Are you looking seriously at concurrent or parallelized procedures within your applications yet? Do you know what impact using such techniques is going to have on your development cycle or your applications?
If you are not at least considering the impact of multi-core processors on your application development, then it might be a good time to start. If you look at the system offered today, you'll find that many now come with dual core chips. On higher-end desktop systems quad-core is becoming the norm. In 2010 you'll see AMD and Intel start migrating the high-end towards six-core chips.
The number of cores is going to continue to grow. In fact, in 2010 Intel is expected to release a 48-core chip to researches to begin using. According to BBC News, Intel has already developed an x86 based 48-core chip dubbed the Single-Chip Cloud Computer (SCC).
If you are not adjusting your applications to take advantage of multi-core, then you could be wasting nearly 80% of the power of a six core chip. On a 48 core chip you'd barely be touching the power if you don't adjust your application.
Of course, you can argue that 48 core chips are only for the high-end user and not main stream. Of course the same argument was made with dual core chips just a few years ago. The other old argument is that you'll never use all the power of the many cores.
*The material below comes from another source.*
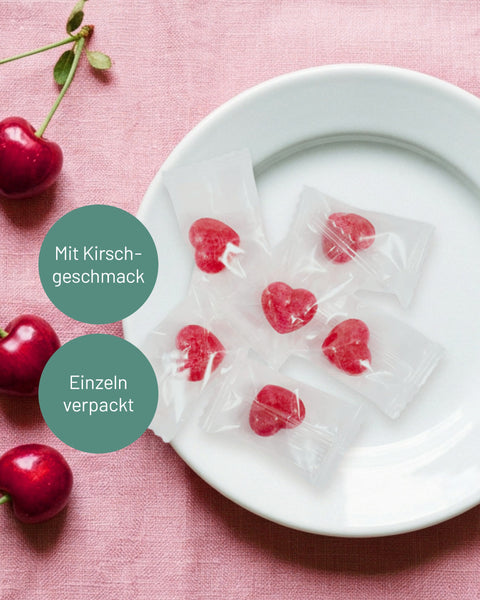 Herzbonbons Kirsche, einzeln verpackt im Flowpack 2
Again, a similar argument was made a few years ago about disk space. Nobody would ever need a terabyte of data storage on their machines. They could never use it all. Yet today, people are buying Terabyte drives for under $100. More importantly, they are using the space. Of course, to process all that data, what would be better than applications using multi-core chips to process it concurrently!
Are you already considering the impact of multi-core on your applications?